Этот романтически-декоративный элемент (затрагивающий, как мы увидим, глубокие антропологические пласты) вызвал скорее неприязненную оценку Лидии Чуковской.
«…В ташкентском случае ее мифотворчество мне почему-то не по душе. <…> Так и „месяц алмазной фелукой“ мне чем-то неприятен, и „созвездие Змея“. Чем? Наверное, своим великолепием».
Приведем здесь же и другие замечания Чуковской, относящиеся к биографическому плану нашего текста:
«Прочитала мне три стихотворения: одно мудрейшее: о том, что наследницей оказалась она. Наследницей величия и муки. <…> Другое о Ташкенте и обращено к тому высокому поляку, которого я несколько раз встречала у нее… Стихотворение прекрасное, таинственное, восточное, алмазное, но ко мне Ташкент всегда оборачивался помойной ямой, и я его красоты не почувствовала. <…> Анна же Андреевна как всегда сумела над помойной ямой возвыситься и сотворить из сора высокий миф…»
«…Я давно подозревала, что стихотворение „В ту ночь мы сошли друг от друга с ума“ обращено к тому высокому поляку, военному, который в Ташкенте бывал у нее и, помнится, провожал ее откуда-то из гостей домой — не от Толстых ли?.. И вдруг она сегодня сказала, взглянув на меня плутовски: „Давайте-ка, сделаем вместо „Но только не призрачный мой Ленинград“ — „но не Варшава, не Ленинград“…“ (речь идет о корректуре „Стихотворений“ 1961 года. — Т. В.)
Догадка моя верна — тому поляку: в Ташкенте… Чапскому».
«В книжке 1961 года (с. 280) однако осталось „но только не призрачный мой Ленинград“; и лишь в „Беге времени“ (с. 420) возникла Варшава с добавлением в строке двух слогов…».

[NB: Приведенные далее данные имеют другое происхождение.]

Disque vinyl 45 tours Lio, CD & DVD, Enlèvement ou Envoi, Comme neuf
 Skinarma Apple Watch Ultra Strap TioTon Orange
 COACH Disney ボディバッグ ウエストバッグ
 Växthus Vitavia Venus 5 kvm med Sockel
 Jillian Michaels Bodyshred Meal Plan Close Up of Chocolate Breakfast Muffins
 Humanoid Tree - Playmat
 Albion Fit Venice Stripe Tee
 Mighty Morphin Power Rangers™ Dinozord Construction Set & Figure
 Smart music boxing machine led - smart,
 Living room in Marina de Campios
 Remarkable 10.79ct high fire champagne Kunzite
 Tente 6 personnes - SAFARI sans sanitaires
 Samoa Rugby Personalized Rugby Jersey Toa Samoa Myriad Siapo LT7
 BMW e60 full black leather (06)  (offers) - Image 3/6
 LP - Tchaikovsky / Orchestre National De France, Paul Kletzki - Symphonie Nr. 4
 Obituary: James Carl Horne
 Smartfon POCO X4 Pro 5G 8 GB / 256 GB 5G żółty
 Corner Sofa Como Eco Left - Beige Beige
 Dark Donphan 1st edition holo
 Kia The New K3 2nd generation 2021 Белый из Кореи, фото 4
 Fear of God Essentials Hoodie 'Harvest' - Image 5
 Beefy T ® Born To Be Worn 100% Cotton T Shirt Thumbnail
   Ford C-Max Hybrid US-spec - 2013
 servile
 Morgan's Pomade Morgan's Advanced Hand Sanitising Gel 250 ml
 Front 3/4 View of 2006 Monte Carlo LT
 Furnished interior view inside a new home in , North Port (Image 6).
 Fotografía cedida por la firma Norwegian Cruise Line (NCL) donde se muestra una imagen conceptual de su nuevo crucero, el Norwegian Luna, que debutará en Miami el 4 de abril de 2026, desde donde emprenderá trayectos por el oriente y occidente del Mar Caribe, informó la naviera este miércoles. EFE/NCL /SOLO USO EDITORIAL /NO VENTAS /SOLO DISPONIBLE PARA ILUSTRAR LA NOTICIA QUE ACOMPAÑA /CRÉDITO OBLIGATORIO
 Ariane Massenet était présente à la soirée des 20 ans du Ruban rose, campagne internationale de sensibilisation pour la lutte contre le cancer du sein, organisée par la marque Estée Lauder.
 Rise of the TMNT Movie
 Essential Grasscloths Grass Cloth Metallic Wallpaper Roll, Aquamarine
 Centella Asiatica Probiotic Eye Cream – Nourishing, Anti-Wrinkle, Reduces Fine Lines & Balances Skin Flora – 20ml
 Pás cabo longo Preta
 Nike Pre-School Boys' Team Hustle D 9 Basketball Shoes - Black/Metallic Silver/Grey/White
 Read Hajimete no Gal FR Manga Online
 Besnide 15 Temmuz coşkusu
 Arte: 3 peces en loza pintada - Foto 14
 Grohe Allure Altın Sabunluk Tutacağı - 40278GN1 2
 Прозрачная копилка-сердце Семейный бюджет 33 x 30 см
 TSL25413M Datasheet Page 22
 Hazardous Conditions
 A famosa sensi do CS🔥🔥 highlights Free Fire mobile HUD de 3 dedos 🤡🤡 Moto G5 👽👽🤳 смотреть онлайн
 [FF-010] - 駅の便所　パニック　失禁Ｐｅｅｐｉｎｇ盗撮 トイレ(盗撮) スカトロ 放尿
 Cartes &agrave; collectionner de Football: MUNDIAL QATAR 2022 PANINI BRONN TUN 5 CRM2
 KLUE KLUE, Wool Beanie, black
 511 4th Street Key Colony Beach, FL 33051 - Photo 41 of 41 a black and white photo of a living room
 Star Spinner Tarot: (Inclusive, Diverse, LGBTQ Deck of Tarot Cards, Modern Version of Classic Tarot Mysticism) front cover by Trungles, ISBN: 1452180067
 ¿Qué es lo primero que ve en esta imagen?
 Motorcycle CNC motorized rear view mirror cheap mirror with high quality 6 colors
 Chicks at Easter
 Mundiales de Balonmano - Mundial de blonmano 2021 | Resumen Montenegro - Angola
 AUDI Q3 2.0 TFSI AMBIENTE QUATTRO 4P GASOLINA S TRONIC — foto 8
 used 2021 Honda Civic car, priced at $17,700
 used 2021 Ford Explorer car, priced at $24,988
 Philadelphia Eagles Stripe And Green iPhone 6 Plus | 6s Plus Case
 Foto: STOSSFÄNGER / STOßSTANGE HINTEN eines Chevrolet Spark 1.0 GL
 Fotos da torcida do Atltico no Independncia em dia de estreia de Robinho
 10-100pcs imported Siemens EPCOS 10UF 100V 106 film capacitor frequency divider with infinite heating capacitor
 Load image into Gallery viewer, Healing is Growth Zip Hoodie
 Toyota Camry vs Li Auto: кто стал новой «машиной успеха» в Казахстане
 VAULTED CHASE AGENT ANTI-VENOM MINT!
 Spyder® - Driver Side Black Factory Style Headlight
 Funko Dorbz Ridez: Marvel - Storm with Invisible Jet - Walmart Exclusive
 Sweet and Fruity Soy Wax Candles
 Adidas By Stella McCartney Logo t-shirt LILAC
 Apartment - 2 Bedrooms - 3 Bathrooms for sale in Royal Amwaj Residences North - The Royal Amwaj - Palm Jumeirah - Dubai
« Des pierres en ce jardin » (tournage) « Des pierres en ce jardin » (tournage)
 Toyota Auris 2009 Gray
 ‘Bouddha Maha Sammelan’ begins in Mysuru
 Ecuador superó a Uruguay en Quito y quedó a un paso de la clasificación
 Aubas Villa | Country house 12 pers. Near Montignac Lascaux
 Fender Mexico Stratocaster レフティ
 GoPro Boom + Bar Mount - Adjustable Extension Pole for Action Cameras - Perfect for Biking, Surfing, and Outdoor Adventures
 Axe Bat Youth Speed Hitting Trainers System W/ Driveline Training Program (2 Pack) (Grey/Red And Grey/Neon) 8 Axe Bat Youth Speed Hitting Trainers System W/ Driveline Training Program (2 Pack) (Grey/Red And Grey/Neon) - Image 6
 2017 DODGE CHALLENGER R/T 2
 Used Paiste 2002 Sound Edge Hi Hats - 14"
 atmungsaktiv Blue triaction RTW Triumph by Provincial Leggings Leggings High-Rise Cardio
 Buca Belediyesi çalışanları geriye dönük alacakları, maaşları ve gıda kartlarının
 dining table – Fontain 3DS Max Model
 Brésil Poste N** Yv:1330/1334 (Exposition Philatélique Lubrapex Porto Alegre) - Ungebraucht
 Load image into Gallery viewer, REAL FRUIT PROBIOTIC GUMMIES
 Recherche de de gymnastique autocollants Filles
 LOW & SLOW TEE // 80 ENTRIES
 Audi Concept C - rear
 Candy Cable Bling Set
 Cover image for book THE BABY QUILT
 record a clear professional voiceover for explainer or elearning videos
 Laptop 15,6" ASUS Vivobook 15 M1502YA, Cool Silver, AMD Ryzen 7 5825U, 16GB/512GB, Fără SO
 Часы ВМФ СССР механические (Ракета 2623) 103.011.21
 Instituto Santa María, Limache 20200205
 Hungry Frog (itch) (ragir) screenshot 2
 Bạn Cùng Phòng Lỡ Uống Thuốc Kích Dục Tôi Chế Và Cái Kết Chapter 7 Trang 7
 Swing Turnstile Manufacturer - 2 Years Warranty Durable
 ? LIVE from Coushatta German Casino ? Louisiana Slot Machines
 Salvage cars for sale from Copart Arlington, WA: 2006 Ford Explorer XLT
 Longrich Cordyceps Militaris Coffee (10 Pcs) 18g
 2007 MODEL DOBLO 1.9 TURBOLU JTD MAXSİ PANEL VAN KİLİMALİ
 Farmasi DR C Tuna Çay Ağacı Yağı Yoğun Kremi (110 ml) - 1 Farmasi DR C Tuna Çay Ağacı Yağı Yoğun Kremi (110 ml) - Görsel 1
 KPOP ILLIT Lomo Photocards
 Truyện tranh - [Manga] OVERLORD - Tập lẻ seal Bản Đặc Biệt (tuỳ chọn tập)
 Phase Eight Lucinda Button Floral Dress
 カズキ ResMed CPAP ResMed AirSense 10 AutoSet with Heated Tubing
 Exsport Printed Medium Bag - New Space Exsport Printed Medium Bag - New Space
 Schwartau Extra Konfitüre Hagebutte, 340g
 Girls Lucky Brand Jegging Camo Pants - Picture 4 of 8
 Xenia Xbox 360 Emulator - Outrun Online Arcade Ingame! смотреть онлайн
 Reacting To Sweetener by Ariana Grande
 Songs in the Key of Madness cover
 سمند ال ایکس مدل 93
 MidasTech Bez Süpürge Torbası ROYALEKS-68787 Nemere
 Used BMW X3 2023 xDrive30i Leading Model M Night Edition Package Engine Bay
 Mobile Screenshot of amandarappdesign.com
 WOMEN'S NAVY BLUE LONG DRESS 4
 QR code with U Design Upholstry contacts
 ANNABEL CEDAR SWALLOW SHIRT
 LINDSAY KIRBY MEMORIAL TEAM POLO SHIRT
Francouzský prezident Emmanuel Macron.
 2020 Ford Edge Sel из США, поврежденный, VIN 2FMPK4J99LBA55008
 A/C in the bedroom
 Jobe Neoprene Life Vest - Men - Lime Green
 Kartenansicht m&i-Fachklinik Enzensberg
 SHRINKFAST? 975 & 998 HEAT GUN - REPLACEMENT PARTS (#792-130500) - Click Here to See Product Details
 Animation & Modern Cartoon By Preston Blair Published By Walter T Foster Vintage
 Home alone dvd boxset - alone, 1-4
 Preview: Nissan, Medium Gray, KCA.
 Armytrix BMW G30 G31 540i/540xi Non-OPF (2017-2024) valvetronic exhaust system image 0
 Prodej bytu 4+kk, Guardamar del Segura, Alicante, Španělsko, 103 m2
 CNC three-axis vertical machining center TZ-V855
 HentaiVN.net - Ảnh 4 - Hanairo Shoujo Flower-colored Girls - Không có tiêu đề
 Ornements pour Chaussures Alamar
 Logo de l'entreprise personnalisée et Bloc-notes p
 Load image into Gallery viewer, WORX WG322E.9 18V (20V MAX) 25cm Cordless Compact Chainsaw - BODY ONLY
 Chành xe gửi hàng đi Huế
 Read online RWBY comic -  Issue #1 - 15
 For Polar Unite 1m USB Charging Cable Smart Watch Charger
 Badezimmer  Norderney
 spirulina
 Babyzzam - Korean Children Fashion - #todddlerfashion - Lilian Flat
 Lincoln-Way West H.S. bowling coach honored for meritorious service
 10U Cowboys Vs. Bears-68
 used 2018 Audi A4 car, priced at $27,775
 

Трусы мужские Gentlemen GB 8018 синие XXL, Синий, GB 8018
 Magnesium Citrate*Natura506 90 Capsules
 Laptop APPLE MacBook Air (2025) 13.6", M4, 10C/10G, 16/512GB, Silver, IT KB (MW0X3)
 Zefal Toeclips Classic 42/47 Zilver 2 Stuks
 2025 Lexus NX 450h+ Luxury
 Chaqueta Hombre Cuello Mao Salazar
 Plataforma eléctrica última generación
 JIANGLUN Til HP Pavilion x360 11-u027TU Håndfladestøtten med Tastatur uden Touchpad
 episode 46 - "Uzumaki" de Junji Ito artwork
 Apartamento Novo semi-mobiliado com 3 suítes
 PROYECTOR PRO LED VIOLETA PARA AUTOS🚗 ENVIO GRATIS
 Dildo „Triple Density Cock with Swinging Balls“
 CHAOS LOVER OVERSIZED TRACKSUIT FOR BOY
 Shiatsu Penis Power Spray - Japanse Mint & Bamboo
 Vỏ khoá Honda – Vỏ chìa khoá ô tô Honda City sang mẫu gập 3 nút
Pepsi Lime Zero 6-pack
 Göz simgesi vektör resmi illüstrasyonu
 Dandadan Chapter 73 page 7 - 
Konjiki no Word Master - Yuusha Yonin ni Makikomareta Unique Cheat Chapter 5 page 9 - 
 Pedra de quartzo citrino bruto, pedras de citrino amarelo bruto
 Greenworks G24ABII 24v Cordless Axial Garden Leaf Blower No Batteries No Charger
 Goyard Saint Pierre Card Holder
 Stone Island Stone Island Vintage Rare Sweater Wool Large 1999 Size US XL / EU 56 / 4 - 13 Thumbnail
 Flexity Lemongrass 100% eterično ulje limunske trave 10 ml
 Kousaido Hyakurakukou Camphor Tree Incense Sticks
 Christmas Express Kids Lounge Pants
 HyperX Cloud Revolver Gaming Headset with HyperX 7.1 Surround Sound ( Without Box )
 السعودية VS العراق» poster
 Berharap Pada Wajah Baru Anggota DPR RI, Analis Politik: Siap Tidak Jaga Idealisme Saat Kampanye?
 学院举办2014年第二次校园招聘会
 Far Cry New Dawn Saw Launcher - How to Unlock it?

Юзеф Чапский (1896–1993) — польский живописец, эссеист, военный и политический деятель, интимно и с давних пор знакомый с русской культурой (о нем см., в частности, Гиппиус, 1951, с. 253, 263), после крушения Польши в 1939 году почти два года провел в сталинских лагерях для военнопленных. Освобожденный в связи с соглашением Сталина — Сикорского, он занимался розысками и спасением уцелевших в СССР польских военнослужащих, а затем был главой отдела пропаганды так называемой армии Андерса. В своей замечательной книге о России (1969) Чапский описывает и встречу с Ахматовой (с. 224–229; ср. также Хейт, 1976, с. 129–131, 171–172). Эта встреча произошла на квартире Алексея Толстого и, по словам Чапского, была краткой и единственной. Общая беседа шла о польской поэзии, о Словацком, о Норвиде; Ахматова читала отрывки из ненапечатанной «Ленинградской поэмы» (т. е. «Поэмы без героя»), «По городу ночью было страшно ходить» (Мандельштам Н., 1972, с. 163), и Чапский проводил Ахматову домой. Дальнейшие встречи были, видимо, пресечены властями. Ахматова вновь увиделась с Чапским только в Париже в 1965 году (Хейт, 1976, с. 191).